**RECORDED DATA**

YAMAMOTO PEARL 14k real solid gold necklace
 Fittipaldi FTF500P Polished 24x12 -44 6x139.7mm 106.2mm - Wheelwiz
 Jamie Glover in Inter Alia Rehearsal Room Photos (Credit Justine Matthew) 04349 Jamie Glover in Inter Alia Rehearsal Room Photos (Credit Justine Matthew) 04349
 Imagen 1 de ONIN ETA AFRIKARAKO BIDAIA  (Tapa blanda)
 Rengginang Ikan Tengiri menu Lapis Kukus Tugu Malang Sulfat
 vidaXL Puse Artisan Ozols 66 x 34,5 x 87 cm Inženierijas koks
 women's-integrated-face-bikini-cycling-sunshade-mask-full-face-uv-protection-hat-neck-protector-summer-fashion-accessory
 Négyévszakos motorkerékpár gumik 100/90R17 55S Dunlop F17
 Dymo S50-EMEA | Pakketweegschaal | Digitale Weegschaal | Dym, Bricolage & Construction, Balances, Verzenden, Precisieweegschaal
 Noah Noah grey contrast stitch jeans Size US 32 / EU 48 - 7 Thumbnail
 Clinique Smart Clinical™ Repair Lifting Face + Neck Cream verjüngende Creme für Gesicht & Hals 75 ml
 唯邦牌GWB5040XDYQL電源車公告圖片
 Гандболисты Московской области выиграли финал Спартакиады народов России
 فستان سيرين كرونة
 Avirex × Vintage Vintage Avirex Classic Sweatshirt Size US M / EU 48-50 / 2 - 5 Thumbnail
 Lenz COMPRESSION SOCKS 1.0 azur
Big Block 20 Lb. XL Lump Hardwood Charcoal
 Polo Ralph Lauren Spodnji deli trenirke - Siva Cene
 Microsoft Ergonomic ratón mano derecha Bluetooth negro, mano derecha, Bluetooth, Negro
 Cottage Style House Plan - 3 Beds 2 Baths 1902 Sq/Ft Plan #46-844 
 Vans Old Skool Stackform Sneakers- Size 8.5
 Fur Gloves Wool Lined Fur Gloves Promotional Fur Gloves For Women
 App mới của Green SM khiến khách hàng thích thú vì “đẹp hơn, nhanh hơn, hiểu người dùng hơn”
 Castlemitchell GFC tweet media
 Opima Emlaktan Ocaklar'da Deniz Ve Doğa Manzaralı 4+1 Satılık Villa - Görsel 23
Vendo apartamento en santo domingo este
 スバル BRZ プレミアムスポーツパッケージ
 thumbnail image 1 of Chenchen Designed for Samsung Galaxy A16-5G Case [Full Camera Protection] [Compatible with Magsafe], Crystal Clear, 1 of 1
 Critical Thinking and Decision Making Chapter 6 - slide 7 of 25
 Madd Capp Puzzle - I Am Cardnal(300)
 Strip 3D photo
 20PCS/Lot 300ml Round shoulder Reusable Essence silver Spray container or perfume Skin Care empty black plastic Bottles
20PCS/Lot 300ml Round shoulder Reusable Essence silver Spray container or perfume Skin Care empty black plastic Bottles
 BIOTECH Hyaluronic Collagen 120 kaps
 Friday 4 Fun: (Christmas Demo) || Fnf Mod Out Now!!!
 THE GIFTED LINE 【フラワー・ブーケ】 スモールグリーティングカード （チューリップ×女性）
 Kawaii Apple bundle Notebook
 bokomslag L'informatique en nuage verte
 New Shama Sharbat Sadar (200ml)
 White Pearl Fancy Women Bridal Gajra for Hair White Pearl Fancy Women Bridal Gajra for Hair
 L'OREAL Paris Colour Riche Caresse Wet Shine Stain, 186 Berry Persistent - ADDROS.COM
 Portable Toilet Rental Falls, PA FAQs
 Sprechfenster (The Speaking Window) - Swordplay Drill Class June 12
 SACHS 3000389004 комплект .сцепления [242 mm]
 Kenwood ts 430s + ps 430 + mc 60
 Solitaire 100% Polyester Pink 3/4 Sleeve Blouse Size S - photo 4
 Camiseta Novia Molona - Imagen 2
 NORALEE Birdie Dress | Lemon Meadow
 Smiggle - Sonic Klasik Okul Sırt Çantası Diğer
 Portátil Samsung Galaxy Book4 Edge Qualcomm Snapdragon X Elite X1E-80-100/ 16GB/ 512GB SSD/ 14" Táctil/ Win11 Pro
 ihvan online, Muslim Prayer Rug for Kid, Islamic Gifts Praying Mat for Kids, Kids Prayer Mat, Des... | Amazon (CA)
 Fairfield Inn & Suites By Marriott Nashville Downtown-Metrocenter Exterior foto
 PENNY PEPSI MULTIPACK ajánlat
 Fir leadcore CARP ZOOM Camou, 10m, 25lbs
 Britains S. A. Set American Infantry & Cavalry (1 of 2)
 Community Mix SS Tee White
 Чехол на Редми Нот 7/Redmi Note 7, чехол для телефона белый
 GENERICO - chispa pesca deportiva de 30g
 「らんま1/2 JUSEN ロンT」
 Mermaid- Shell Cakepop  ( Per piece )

**WHAT TO DO**
Reproduce the lines of the entries above from the one with "Avirex × Vintage" to the one with "Vans Old Skool Stackform Sneakers- Size 8.5", both included, exactly and without any other line.

**PROBLEM SOLUTION**
 Avirex × Vintage Vintage Avirex Classic Sweatshirt Size US M / EU 48-50 / 2 - 5 Thumbnail
 Lenz COMPRESSION SOCKS 1.0 azur
Big Block 20 Lb. XL Lump Hardwood Charcoal
 Polo Ralph Lauren Spodnji deli trenirke - Siva Cene
 Microsoft Ergonomic ratón mano derecha Bluetooth negro, mano derecha, Bluetooth, Negro
 Cottage Style House Plan - 3 Beds 2 Baths 1902 Sq/Ft Plan #46-844 
 Vans Old Skool Stackform Sneakers- Size 8.5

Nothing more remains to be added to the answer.